Trainspotting 1996 Movie Scene Peter Mullan as Swanney heating the spoon with heroin

Trainspotting [1996]

Choose life. Choose a job. Choose a career. Choose a family. Choose a fucking big television, Choose washing machines, cars, compact disc players, and electrical tin openers. Choose good health, low cholesterol and dental insurance. Choose fixed-interest mortgage repayments. Choose a starter home. Choose your friends. Choose leisure wear and matching luggage. Choose a three piece suite on hire purchase in a range of fucking fabrics. Choose DIY and wondering who the fuck you are on a Sunday morning.

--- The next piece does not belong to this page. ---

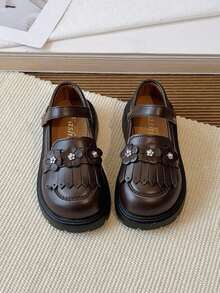 1 đôi giày da kiểu Anh họa tiết hoa cho bé gái, khóa dán, kiểu dáng thời trang đa năng phù hợp đi học. - màu nâu - Xem 13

Choose sitting on that couch watching mind-numbing spirit-crushing game shows, stuffing fucking junk food into your mouth. Choose rotting away at the end of it all, pishing your last in a miserable home, nothing more than an embarrassment to the selfish, fucked-up brats you have spawned to replace yourselves. Choose your future. Choose life . . . But why would I want to do a thing like that? I chose not to choose life: I chose something else. And the reasons? There are no reasons. Who needs reasons when you’ve got heroin.

I vividly remember the second time I have heard this intro. I was 19 years old and finally able to understand what this movie is about. The first time I saw it, it was just another movie about drug addicts and it bore the shit out of me. It would seem that the second time was the charm. There are so many iconic scenes that I struggle to single one out. The floor one, toilet one, Spud’s interview one, or the one where Begbie throws that fucking glass, they’re all glorious.

Fuck man, the more I think about the more I realize that literally, every scene in this movie is perfect. And the best thing of all is that you can watch it over and over again. The thing about Trainspotting is the following: although this is a movie about heroin addicts, it’s also a movie that’s willing to pull back the curtains and show us what’s really happening. There’s no difference between heroin addicts and the general population except in their choice of drug.

Gen Pop, as The Wire puts it so eloquently, chooses the official system of values and is hooked for life on it, unable to break the habit. This is what pisses them off, the fact that everyone is basically the same and that there are no bad people that you can point to and say I’m better than you or something like that, but I digress. There are so many great elements that can be used to analyze society and individuals that you will find yourself overwhelmed with different aspects and conclusions.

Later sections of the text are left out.